First Unitarian Church of Rochester


A Tomb Is No Place To Stay: Easter Is About Joy

Unitarian Universalists are often embarrassed by Easter. Our rational minds tell us the stories of the Resurrection of Jesus from the tomb belong to the realm of myth. And many of us tend to be myth-challenged. We want our religion in history, not legend. Only gradually do we come to realize that what happened to the molecules of Jesus is the least important issue of Easter. Far more important than bodily resurrection in physical space is religious rebirth in spiritual space.

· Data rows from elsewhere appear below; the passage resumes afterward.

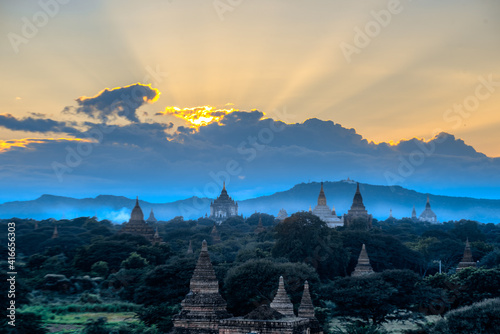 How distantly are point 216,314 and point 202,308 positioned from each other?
0.83m

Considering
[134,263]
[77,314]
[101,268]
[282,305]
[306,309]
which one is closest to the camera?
[282,305]

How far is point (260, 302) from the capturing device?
190 feet

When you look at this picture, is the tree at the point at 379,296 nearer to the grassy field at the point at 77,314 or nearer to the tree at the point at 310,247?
the grassy field at the point at 77,314

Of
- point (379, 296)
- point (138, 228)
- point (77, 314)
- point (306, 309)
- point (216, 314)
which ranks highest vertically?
point (138, 228)

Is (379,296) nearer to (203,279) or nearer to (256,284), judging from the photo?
(256,284)

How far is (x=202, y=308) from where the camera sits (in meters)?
40.4

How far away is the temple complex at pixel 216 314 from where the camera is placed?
36.2m

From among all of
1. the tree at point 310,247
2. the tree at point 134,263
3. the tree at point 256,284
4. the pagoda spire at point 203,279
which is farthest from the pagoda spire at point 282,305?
the tree at point 134,263

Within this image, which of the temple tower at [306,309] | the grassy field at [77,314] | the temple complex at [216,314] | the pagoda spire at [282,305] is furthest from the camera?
the grassy field at [77,314]

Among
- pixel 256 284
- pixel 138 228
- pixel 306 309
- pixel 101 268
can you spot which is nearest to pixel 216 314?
pixel 306 309

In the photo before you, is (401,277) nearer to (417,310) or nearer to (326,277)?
(417,310)

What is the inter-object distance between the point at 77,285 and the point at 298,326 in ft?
164

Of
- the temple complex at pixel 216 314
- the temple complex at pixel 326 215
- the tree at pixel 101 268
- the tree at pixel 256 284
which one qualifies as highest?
the temple complex at pixel 326 215

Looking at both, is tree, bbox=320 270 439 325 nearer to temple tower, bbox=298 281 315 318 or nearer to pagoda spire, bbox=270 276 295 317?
temple tower, bbox=298 281 315 318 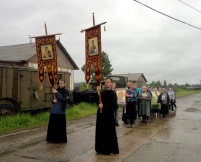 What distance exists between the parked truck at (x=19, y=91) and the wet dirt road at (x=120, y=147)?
7.13 feet

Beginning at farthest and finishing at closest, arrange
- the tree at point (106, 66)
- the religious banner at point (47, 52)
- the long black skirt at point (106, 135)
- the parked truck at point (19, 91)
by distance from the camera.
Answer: the tree at point (106, 66) → the parked truck at point (19, 91) → the religious banner at point (47, 52) → the long black skirt at point (106, 135)

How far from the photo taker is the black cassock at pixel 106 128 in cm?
722

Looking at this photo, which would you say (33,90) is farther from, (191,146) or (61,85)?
(191,146)

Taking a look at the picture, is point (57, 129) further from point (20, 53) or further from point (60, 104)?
point (20, 53)

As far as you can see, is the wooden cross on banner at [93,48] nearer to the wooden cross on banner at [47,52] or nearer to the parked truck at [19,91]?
the wooden cross on banner at [47,52]

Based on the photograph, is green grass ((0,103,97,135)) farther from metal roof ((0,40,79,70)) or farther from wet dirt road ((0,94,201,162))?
metal roof ((0,40,79,70))

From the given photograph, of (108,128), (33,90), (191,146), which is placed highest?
(33,90)

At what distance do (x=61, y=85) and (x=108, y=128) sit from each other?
202 cm

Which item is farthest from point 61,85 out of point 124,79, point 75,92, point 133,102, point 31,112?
point 124,79

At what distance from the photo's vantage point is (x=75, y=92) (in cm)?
2117

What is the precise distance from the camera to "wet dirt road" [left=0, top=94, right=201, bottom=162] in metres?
6.81

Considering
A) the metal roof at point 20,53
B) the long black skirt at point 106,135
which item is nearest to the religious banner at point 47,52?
the long black skirt at point 106,135

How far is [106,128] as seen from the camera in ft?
24.1

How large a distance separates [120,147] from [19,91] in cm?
633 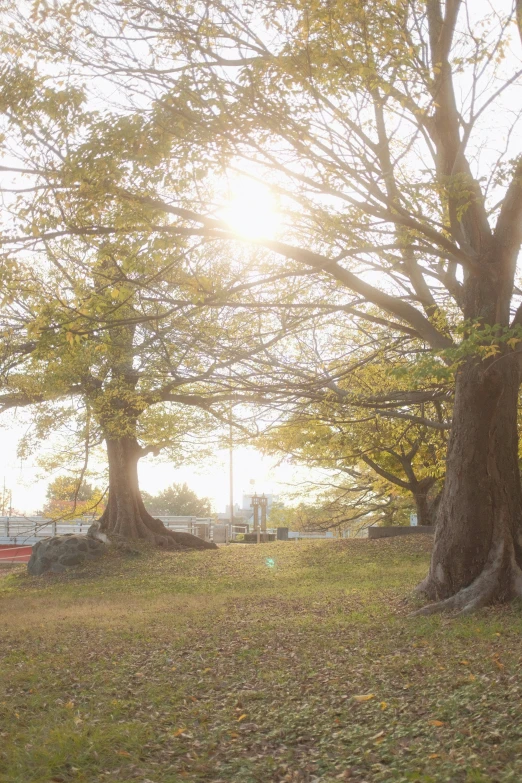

In many ways this has been a grim church year, with the tragedy of 9/11, war and recession. Many of us have hunkered down in the comfortable bosom of family or of church. It has been a sad six months. And then there are the ordinary vicissitudes of living - loneliness, depression, boredom, pain and suffering with its many faces. It is time, not to forget what has happened and is happening, but to re-open ourselves to the joy of human existence. Spring is here - at least by the calendar. Why not in our hearts?

One Unitarian Universalist poet wrote this simple quatrain to express her feelings:

"Birdsong again
a blossoming tree -
Spring is enough
Resurrection for me."[1]

And probably many of us would agree. Yet, the symbolism and the drama of the Easter story are undeniably powerful. I tried to capture that feeling in a short poem I wrote several years ago, "A Tomb Is No Place to Stay."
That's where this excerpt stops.